# WHAT IS NEEDED
Please give an exact transcription of the records shown below.

(DATA TO PROCESS begins)

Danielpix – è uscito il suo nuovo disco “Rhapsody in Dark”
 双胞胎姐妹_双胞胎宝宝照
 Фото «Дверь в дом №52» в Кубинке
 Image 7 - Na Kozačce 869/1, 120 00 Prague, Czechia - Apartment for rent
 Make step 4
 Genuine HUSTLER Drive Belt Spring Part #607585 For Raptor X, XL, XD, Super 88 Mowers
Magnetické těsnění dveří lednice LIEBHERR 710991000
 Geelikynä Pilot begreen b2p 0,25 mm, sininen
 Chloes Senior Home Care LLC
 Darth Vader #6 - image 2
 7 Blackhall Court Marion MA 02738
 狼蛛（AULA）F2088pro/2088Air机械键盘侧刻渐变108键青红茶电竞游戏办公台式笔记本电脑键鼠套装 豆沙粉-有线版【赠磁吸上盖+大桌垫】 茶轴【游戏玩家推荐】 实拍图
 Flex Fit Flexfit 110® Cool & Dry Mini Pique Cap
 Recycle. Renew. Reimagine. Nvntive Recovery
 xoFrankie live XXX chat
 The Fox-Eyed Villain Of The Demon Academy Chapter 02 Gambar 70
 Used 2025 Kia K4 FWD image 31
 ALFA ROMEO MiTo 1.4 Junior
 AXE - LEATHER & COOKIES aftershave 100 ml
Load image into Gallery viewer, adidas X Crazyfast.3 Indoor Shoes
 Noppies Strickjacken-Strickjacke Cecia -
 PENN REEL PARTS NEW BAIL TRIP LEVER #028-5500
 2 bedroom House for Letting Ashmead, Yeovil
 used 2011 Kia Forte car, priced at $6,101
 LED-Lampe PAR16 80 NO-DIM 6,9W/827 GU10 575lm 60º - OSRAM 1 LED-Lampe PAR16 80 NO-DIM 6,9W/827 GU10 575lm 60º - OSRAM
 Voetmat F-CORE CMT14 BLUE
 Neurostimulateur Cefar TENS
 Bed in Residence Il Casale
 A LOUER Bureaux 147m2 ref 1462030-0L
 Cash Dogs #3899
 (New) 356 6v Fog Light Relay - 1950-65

(DATA TO PROCESS ends)

# ANSWER TO THIS TASK
Danielpix – è uscito il suo nuovo disco “Rhapsody in Dark”
 双胞胎姐妹_双胞胎宝宝照
 Фото «Дверь в дом №52» в Кубинке
 Image 7 - Na Kozačce 869/1, 120 00 Prague, Czechia - Apartment for rent
 Make step 4
 Genuine HUSTLER Drive Belt Spring Part #607585 For Raptor X, XL, XD, Super 88 Mowers
Magnetické těsnění dveří lednice LIEBHERR 710991000
 Geelikynä Pilot begreen b2p 0,25 mm, sininen
 Chloes Senior Home Care LLC
 Darth Vader #6 - image 2
 7 Blackhall Court Marion MA 02738
 狼蛛（AULA）F2088pro/2088Air机械键盘侧刻渐变108键青红茶电竞游戏办公台式笔记本电脑键鼠套装 豆沙粉-有线版【赠磁吸上盖+大桌垫】 茶轴【游戏玩家推荐】 实拍图
 Flex Fit Flexfit 110® Cool & Dry Mini Pique Cap
 Recycle. Renew. Reimagine. Nvntive Recovery
 xoFrankie live XXX chat
 The Fox-Eyed Villain Of The Demon Academy Chapter 02 Gambar 70
 Used 2025 Kia K4 FWD image 31
 ALFA ROMEO MiTo 1.4 Junior
 AXE - LEATHER & COOKIES aftershave 100 ml
Load image into Gallery viewer, adidas X Crazyfast.3 Indoor Shoes
 Noppies Strickjacken-Strickjacke Cecia -
 PENN REEL PARTS NEW BAIL TRIP LEVER #028-5500
 2 bedroom House for Letting Ashmead, Yeovil
 used 2011 Kia Forte car, priced at $6,101
 LED-Lampe PAR16 80 NO-DIM 6,9W/827 GU10 575lm 60º - OSRAM 1 LED-Lampe PAR16 80 NO-DIM 6,9W/827 GU10 575lm 60º - OSRAM
 Voetmat F-CORE CMT14 BLUE
 Neurostimulateur Cefar TENS
 Bed in Residence Il Casale
 A LOUER Bureaux 147m2 ref 1462030-0L
 Cash Dogs #3899
 (New) 356 6v Fog Light Relay - 1950-65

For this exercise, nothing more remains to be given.